Prompt | Hand back every line from the beginning of the data below through the line containing "2018 Ford Edge Image 25", word for word and free of pictures.

(Given records)

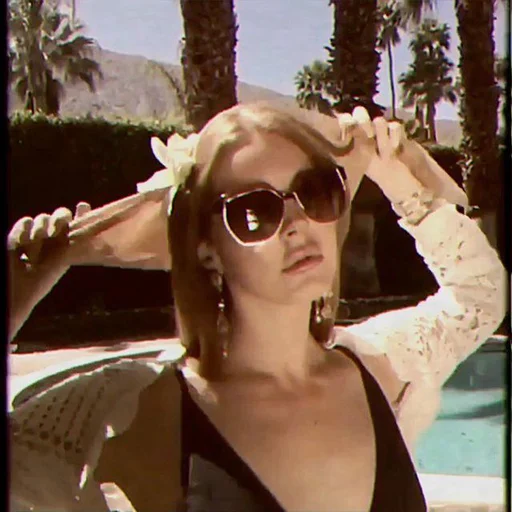 Стикер из набора emancipation of @LanaDelReyBR1 для Телеграм: Статические 😎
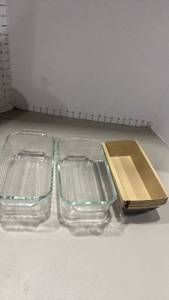 lot 1261 image: Pyrex glass loaf pans and paper liners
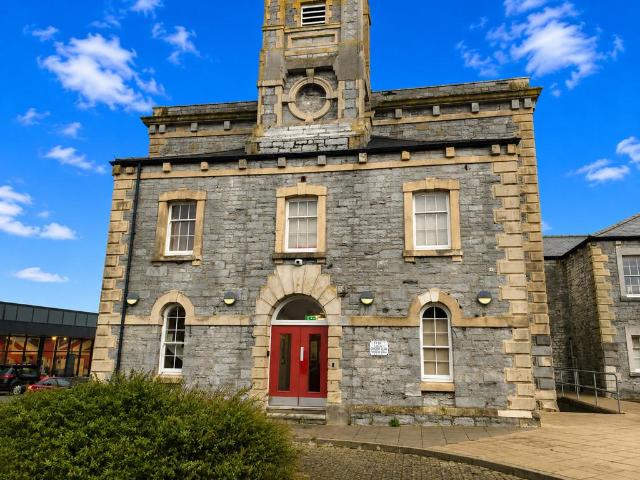 Flat for sale in Greenbank, Mount Wise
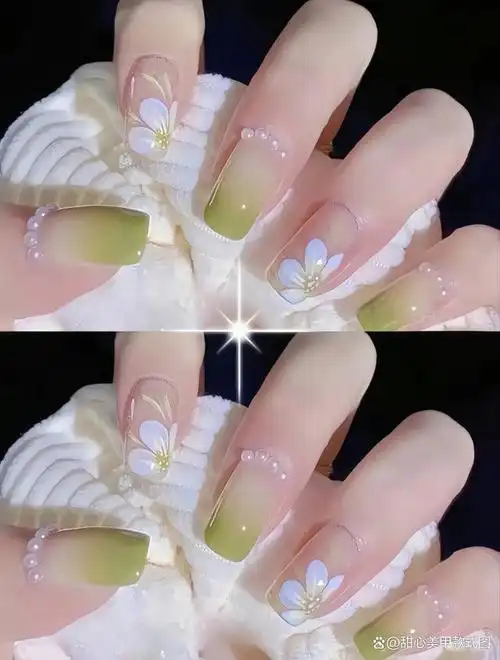 淡绿色小清新美甲,脱俗优雅,独具风采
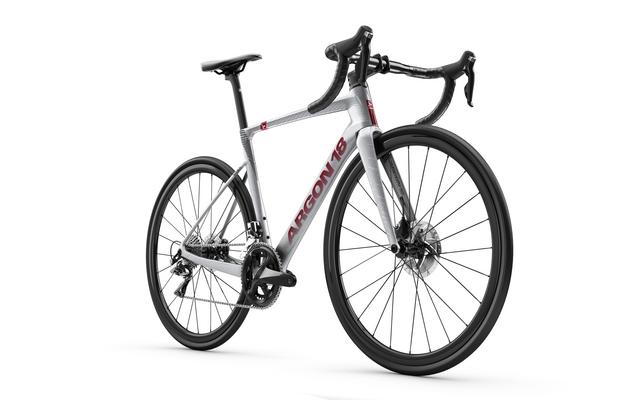 A18_SUM-353A_Podium_Grey_UltegraDi2_34FR_01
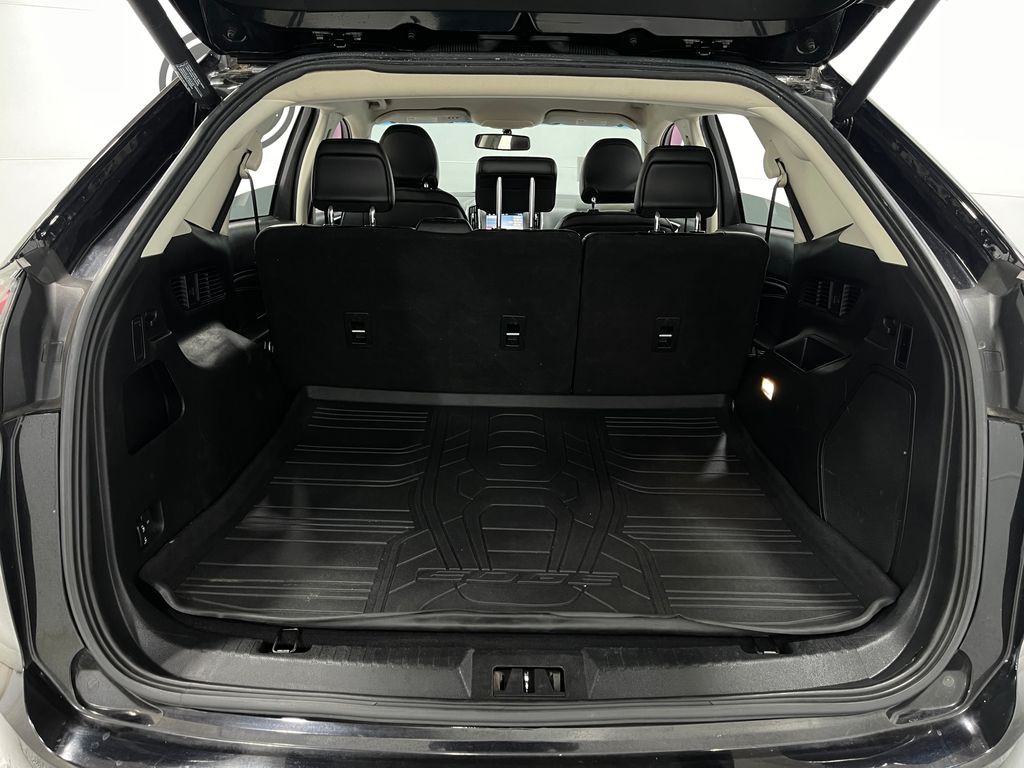 2018 Ford Edge Image 25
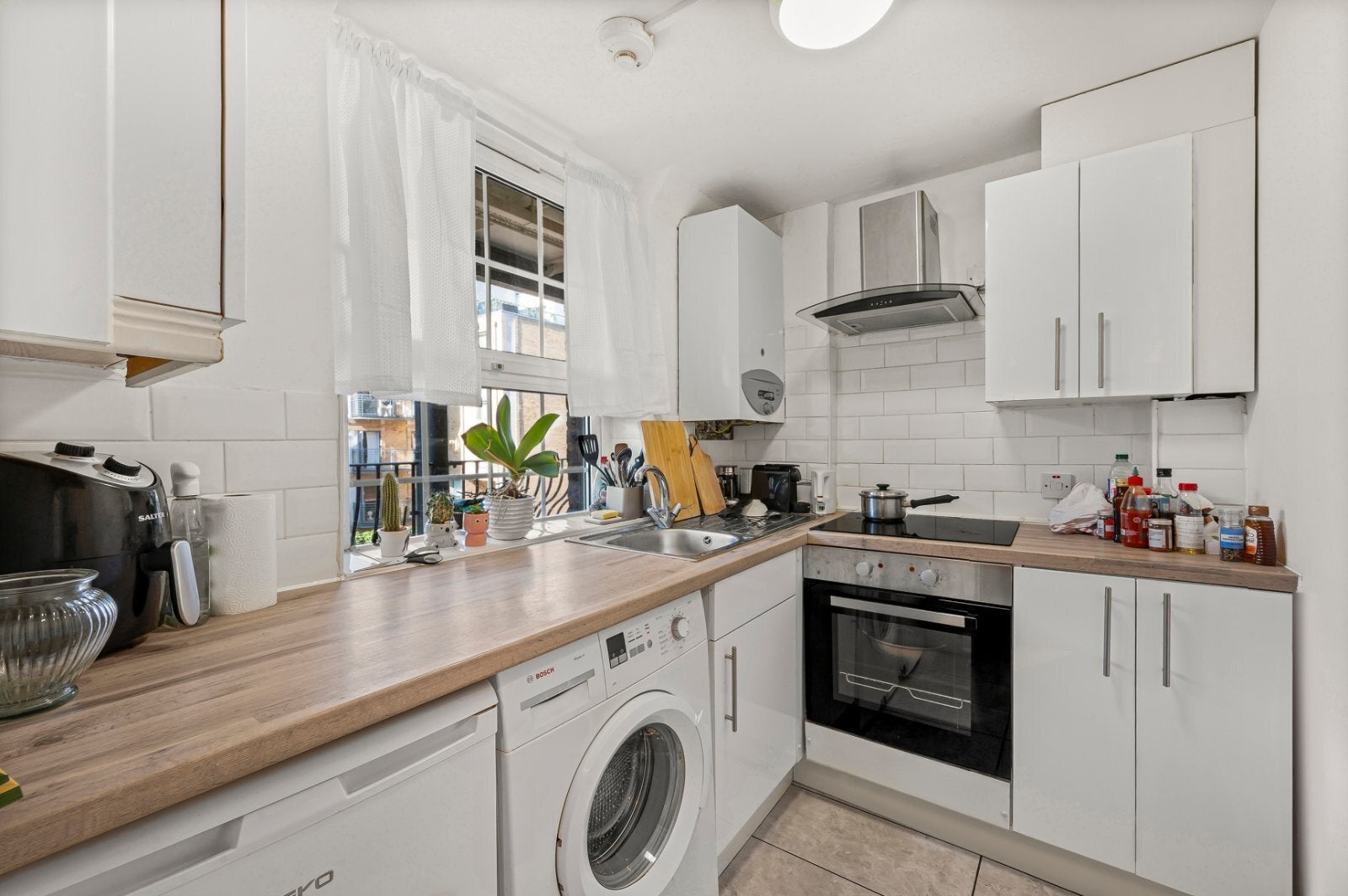 Flat Gatliff Road in City of Westminster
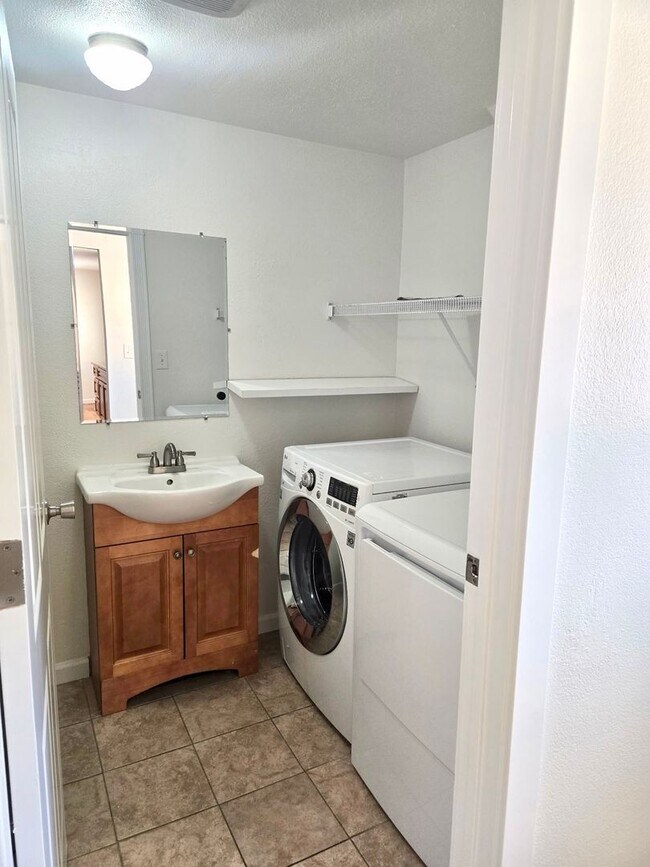 Building Photo - 3613 Grandview Dr W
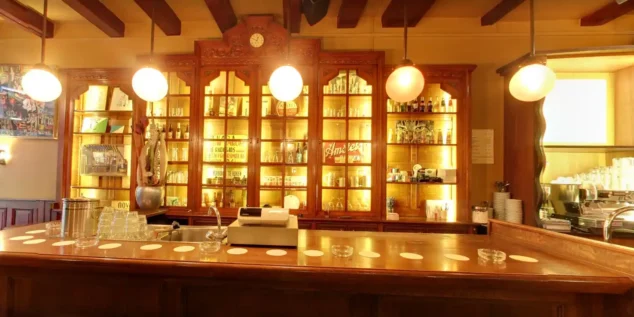 Inside 420 Café Amsterdam – Cozy Interior of a Classic Dutch Coffeeshop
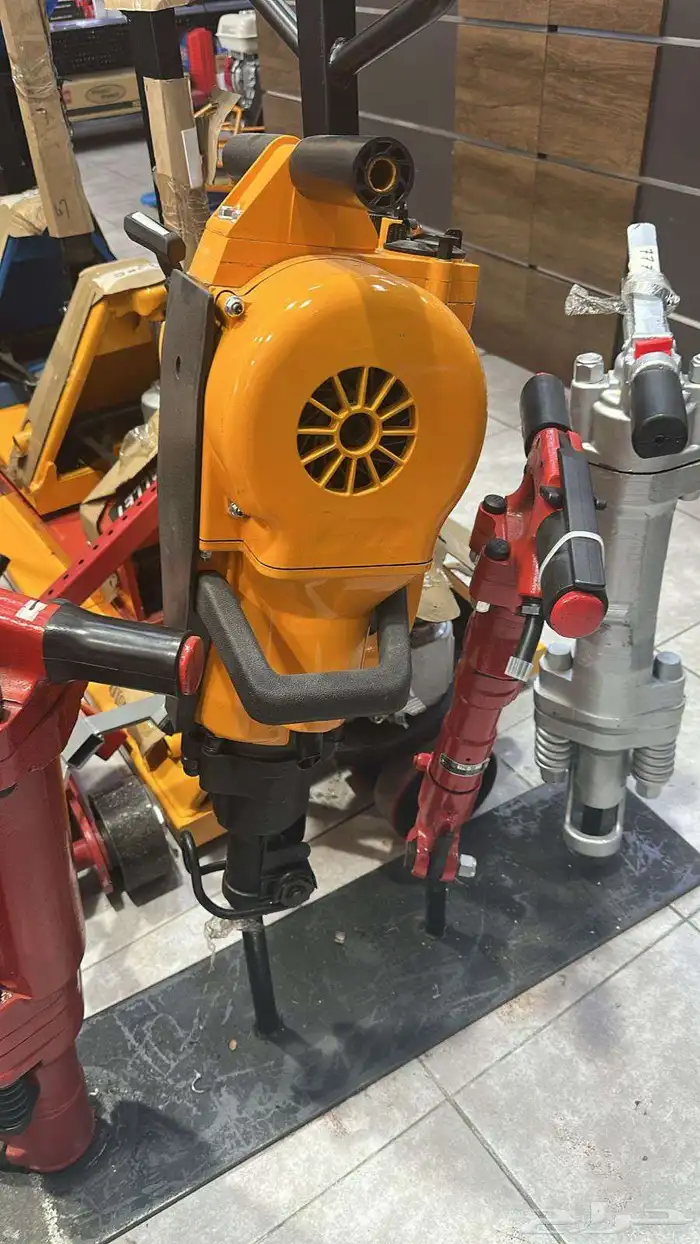 ماكينة لحام كبير نطاط دكاكة هزاز مكينة قص ازفلت 1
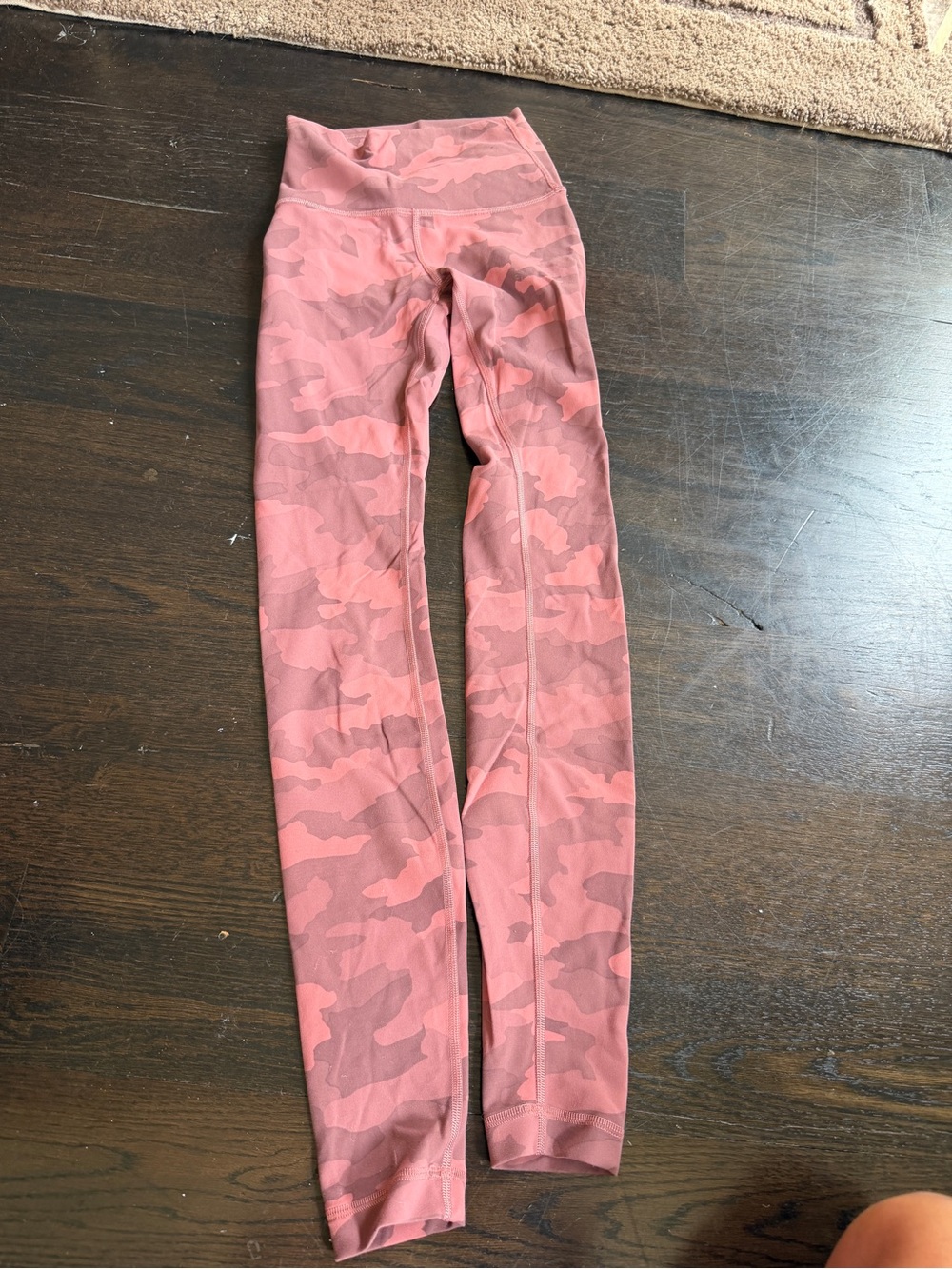 lululemon athletica Pink Camo High-Rise Leggings wunderunder fabric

(End Given records)

Result of this exercise |
 Стикер из набора emancipation of @LanaDelReyBR1 для Телеграм: Статические 😎
 lot 1261 image: Pyrex glass loaf pans and paper liners
 Flat for sale in Greenbank, Mount Wise
 淡绿色小清新美甲,脱俗优雅,独具风采
 A18_SUM-353A_Podium_Grey_UltegraDi2_34FR_01
 2018 Ford Edge Image 25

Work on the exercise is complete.